We had gone to local bars and clubs and had no luck. Mostly the atmosphere told us we were unlikely to meet our mate at a place like that. Unless she was here doing the same thing we were, looking for a fated mate, she wouldn’t want to be in the kinds of dives we found ourselves in.
We’d joined a book club, a bowling league, and anything else social this world had to offer, but nobody we encountered was the right person, and we’d given up.
Farsel’s condition had made it imperative that we find her now. I’d hoped he did not share his family’s weakness, but he did, and I didn’t have any ideas on how to look for her. Frustration had me stomping around the kitchen, and when I slapped my hand on the counter, his phone, which lay there, lit up.
Lucky I didn’t smash it with my violence, but it just seemed like everything was going wrong with us getting stranded here for who knew how long and now his symptoms. Worrying about our people coming for us was probably foolish. If my memories of how it worked when someone got the mating sickness were correct, we only had weeks at best to find our mate before the damage to my friend became irreparable.
He could even die.
His phone home page was cluttered with apps, and I scanned them, grinning in spite of myself at his multiple weather and traffic icons as well as some related to his passion for gaming and one…what was that?
I picked up the phone and swiped it to open, hoping he hadn’t put a password on it. He had. I tried to think of what he might have used. Birthday? No, that wouldn’t make sense in our home planet’s system. A special holiday? Then I thought I had it. I typed in the date of our arrival, month and year. Bingo.
I didn’t get too far into it, just opened the app and glanced to see what it was. No need to violate his privacy by doing more. Nope. Well not too much more. He’d sent a message to a female, short, one line, but it expressed the desperate straits in which we found ourselves. But it seemed Mail-Order Matings was an app for shifters and other paranormal beings, even humans if they managed to find it and were looking for someone out of the ordinary.
How cool.
I closed the app and left Farsel’s phone where I’d found it and went to find mine. I hadn’t seen any response from the female, but a glance at her bio and I knew I had to try as well. How long could it take?
Long. It took a long time to fill out the bio with all its questions. Who did I want to date? Who was a definite no? Vampires. I wasn’t sure what alien blood would do to them, but I didn’t want to find out. And orcs. But other than that, I was willing to accept any mate they chose to send us.

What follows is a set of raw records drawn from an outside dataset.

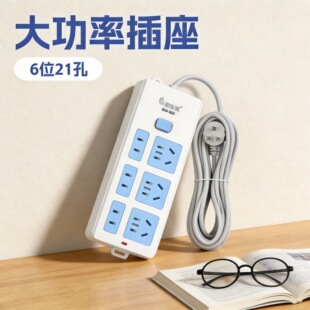 ���ʌ��ò��� �k�����D�Q�������o�T6λ21�ײ���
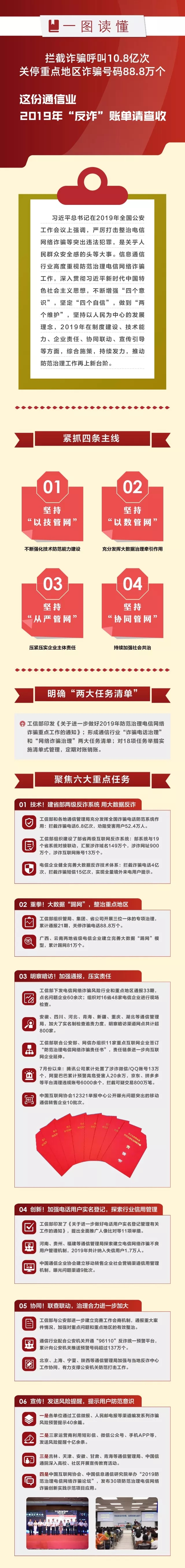 640.webp (3)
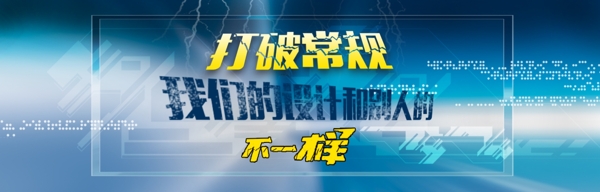 個(gè)人站焦點(diǎn)圖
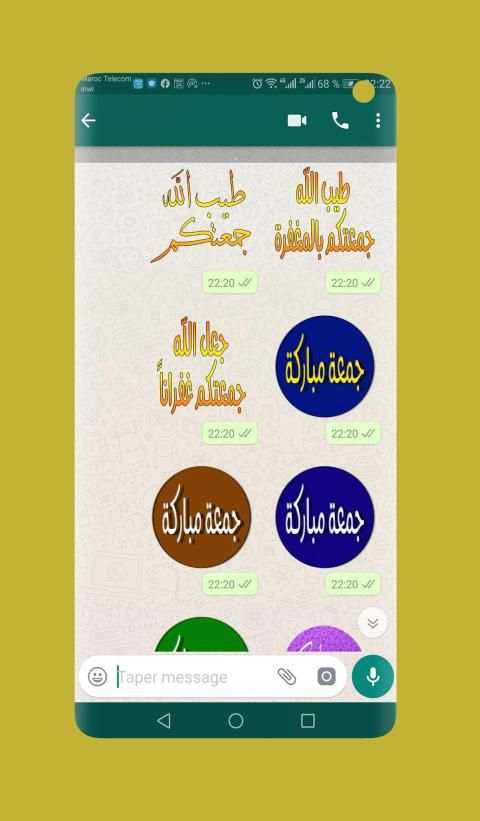 ملصقات جمعة مباركة Wasticker
‎ screenshot 3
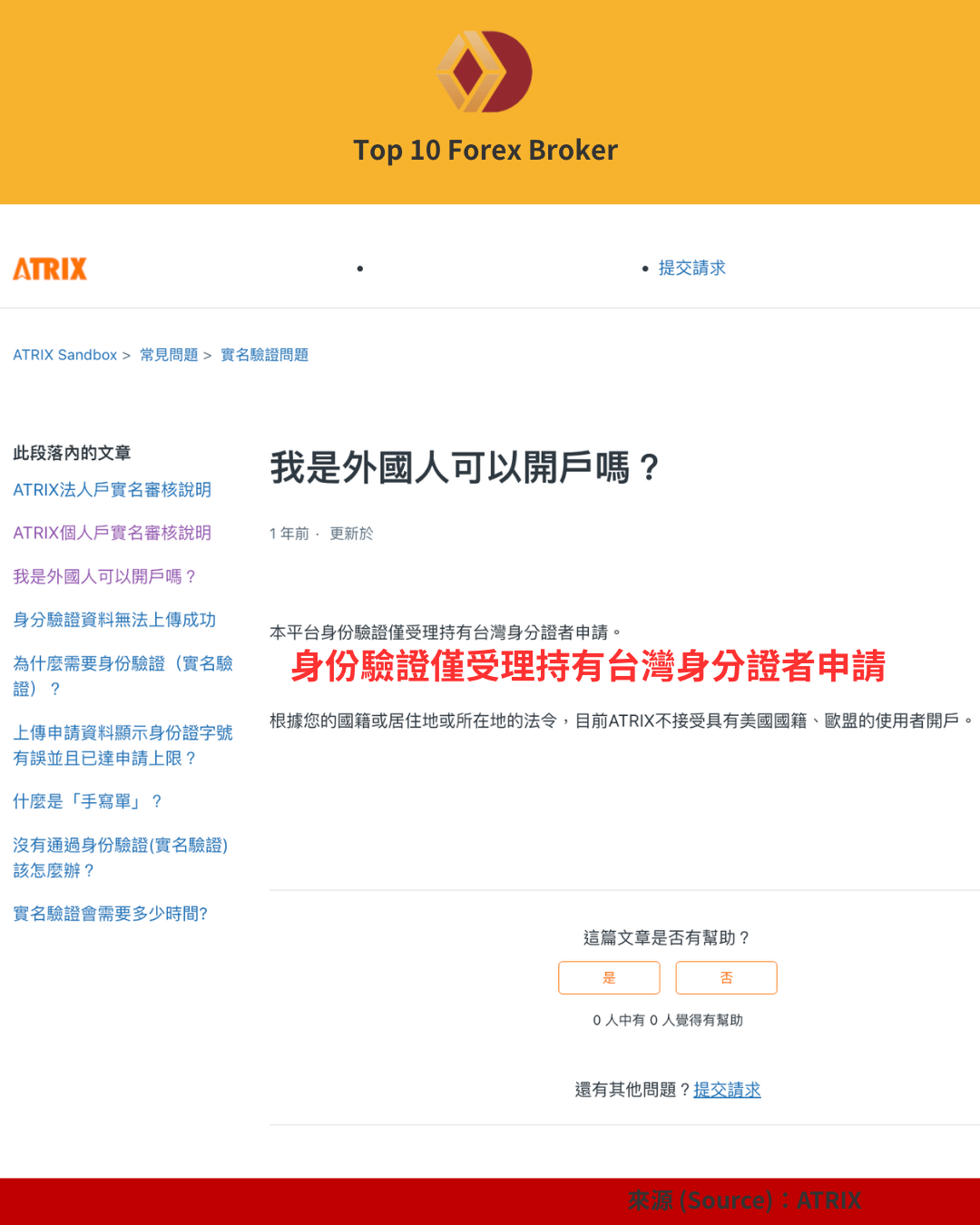 Atrix的用戶評價與實測口碑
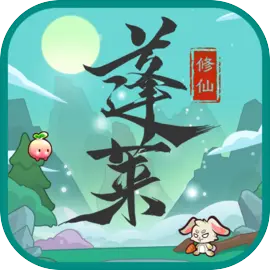 蓬莱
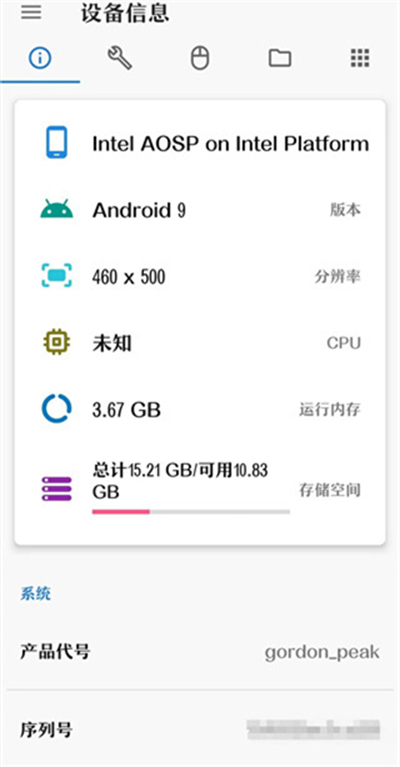 甲壳虫ADB助手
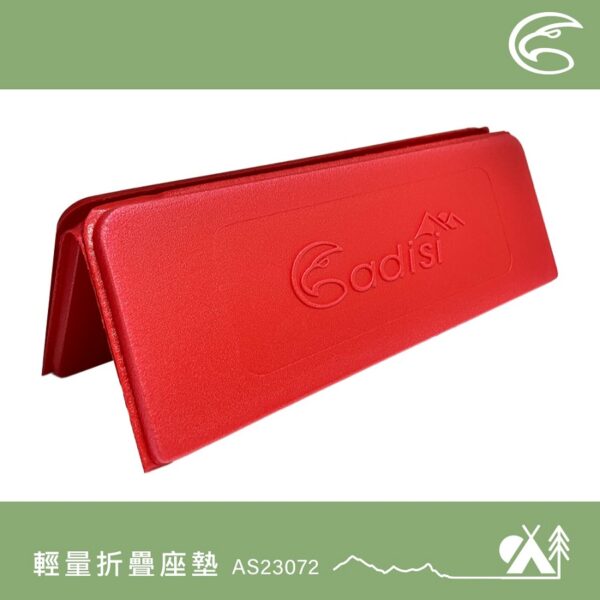 AS23072-RD AS23072 6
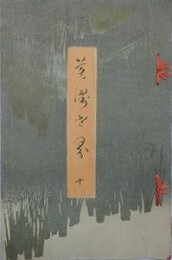 美術世界 巻10　（渡辺省亭　久保田米僊　村瀬玉田　川崎千虎　竹内栖鳳　巨勢小石 他）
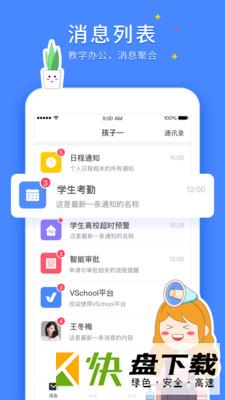 VSchool教师版app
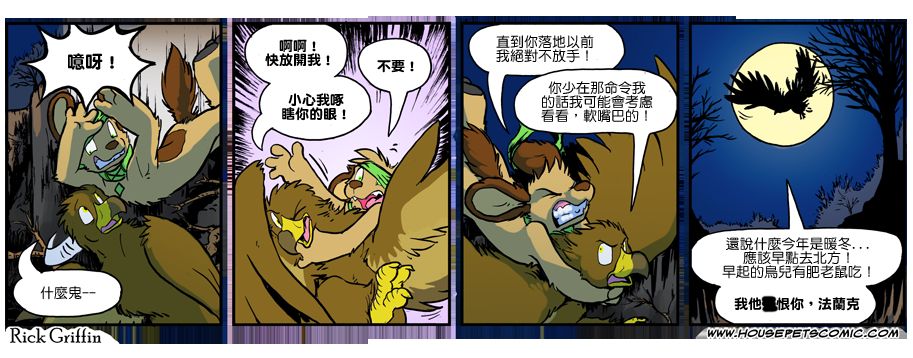 《家宠》漫画最新章节第949话免费下拉式在线观看章节第【1】张图片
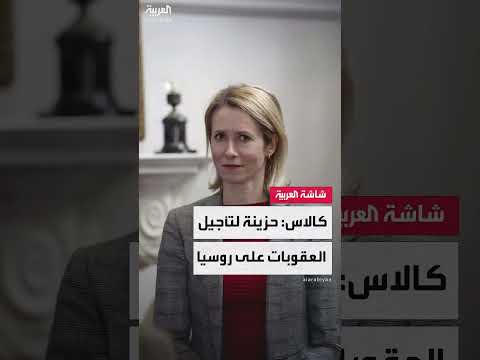 تأجيل عقوبات أوروبية جديدة على روسيا بسبب حرب أوكرانيا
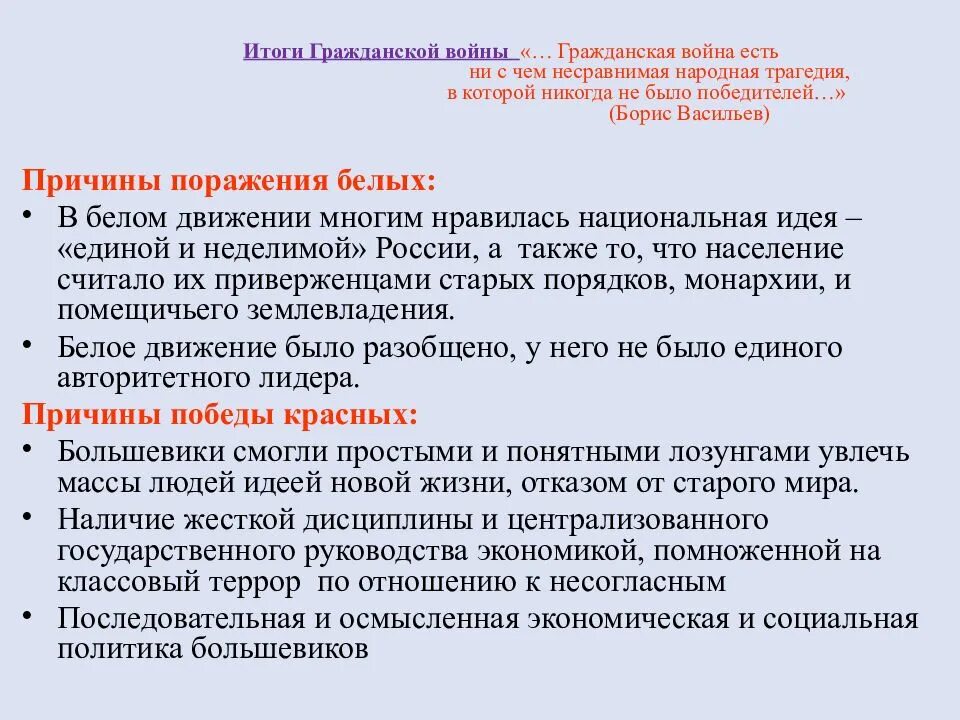 Можно ли гражданской. Кто победил в гражданской войне в России. Кто победил в гражданской войне 1917 1922. Кто победил в гражданской войне 1917. Гражданская война в России 1917-1922 кто победил.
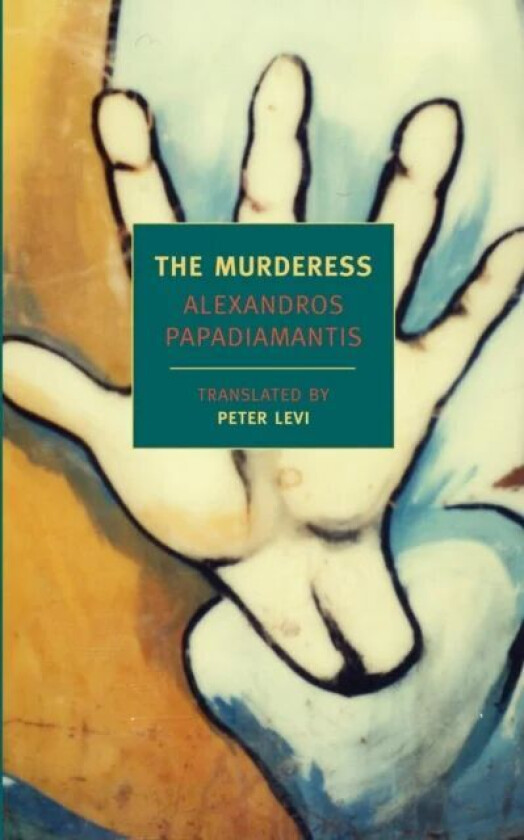 The Murderess av Alexandros Papadiamantis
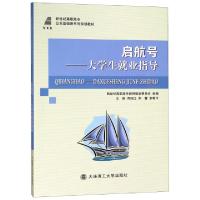 正版新书]启航号--大学生就业指导(新世纪高职高专公共基础课系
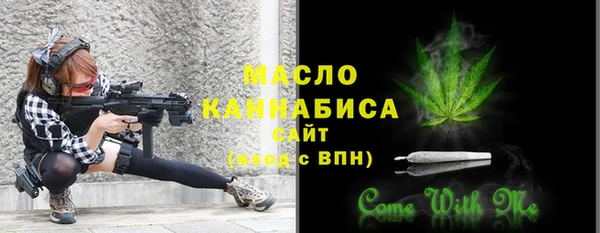 спайс Белоозёрский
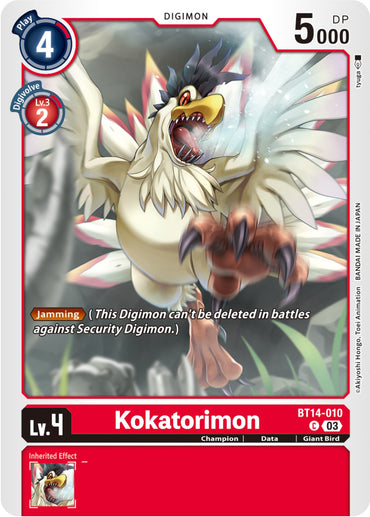Kokatorimon [BT14-010] [Blast Ace]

As I entered all the information, I tried not to let the anxiety get to me any more than it already had. What if our mate was back home all this time? Seemed likely that would be the case, but if there was even the slightest chance that she was here, I had to try.
Chapter Seven
Amaris
My eyes had been opened to a world of knowledge with this app. There were shark shifters, for one. Shark. Shifters.
Even the thought of spending an amount of time underwater with a shark mate, well, it didn’t sit right with me. I’d never felt pulled to learn scuba diving—largely because of fears of being eaten by sharks. His words were pretty though. He should find someone who liked his poetry and smooth moves, but that girl wasn’t me.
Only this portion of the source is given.